I need hardly remind the reader of the importance of our subject. It is literally a life-and-death matter. Human destiny hangs upon what we shall do with these devices or ours, the machines, now with us for good or ill. How we deal with the problems of industrialism may turn upon our appreciation of the rôle of the artificial no less than upon our answers to the many questions of economics, politics and psychology which are involved.

It has been assumed that the reader has no specialized knowledge of any of the subjects which come under discussion, so that the entire argument shall be as clear as possible to anyone of moderate education. Many, perhaps most of my readers, will therefore find it necessary to skip lightly over those sections which are designed to prepare the ground for the less well-informed. And I must crave indulgence for the way in which many complex problems are summarily disposed of. In so small a book dealing with so large a subject, it is impossible to thrash out thoroughly every question that arises. Where authorities disagree upon major points, however, I have endeavoured either to avoid taking sides, or when that is impossible, to mention the opposing view and to leave the reader to take his choice.

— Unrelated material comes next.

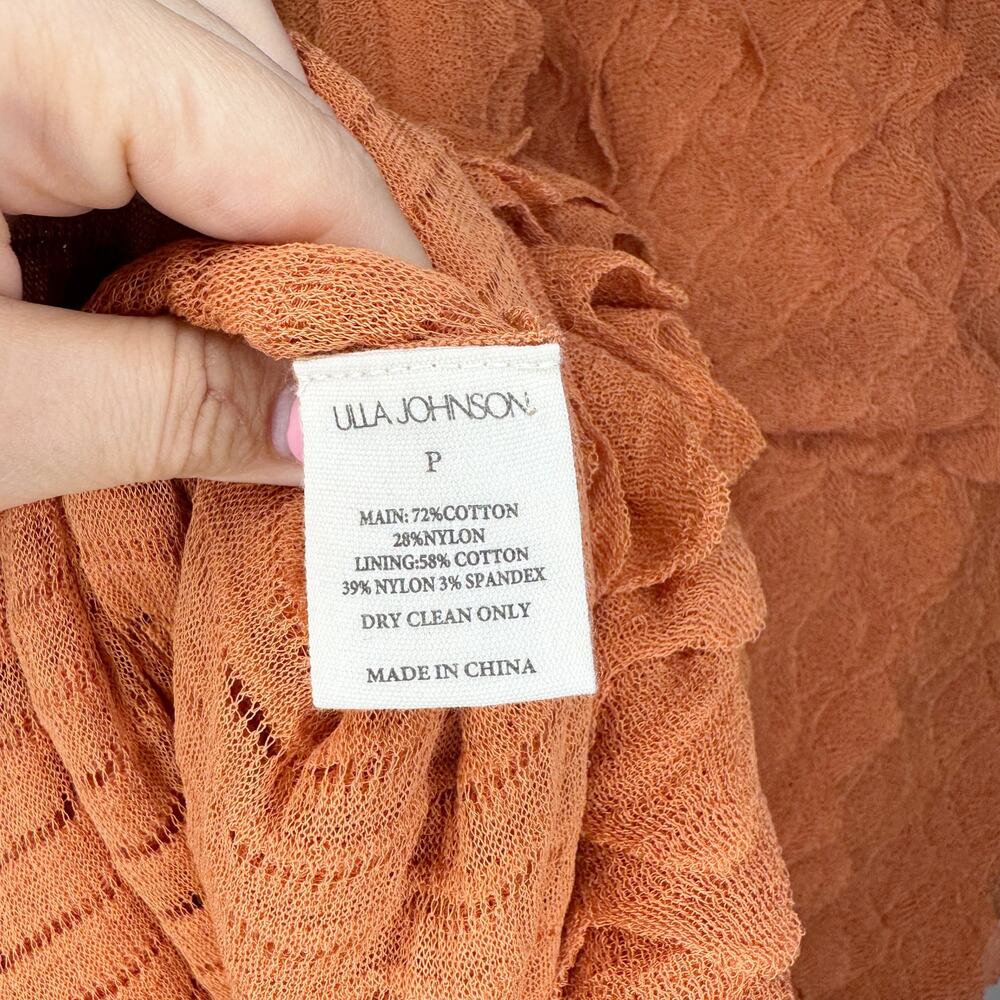 Ulla Johnson Kaelyn Ruffle Scallop Orange Knit Long Maxi Dress P / XS NWT - Picture 8 of 8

One point I must stress to avoid misunderstanding. We are concerned here with only facts and theories relating to facts, not with moral judgments. Whether this or that actual tendency is for our ultimate good or makes for moral and spiritual loss; whether machines and artefacts of all kinds are, as some say, deplorable engines of mischief, or the destined saviours of the race; whether industrialism leads heaven-wards or hell-wards, and all similar questions, are beyond the scope of this treatise.

The large number of books that I have consulted cannot be listed here: many of them will be found in the foot-notes. Where my work is original, and where derivative, I have tried to make evident. It has consisted largely of building up known facts into a system that is in some parts my own but owes an incalculable debt to writers upon all manner of subjects.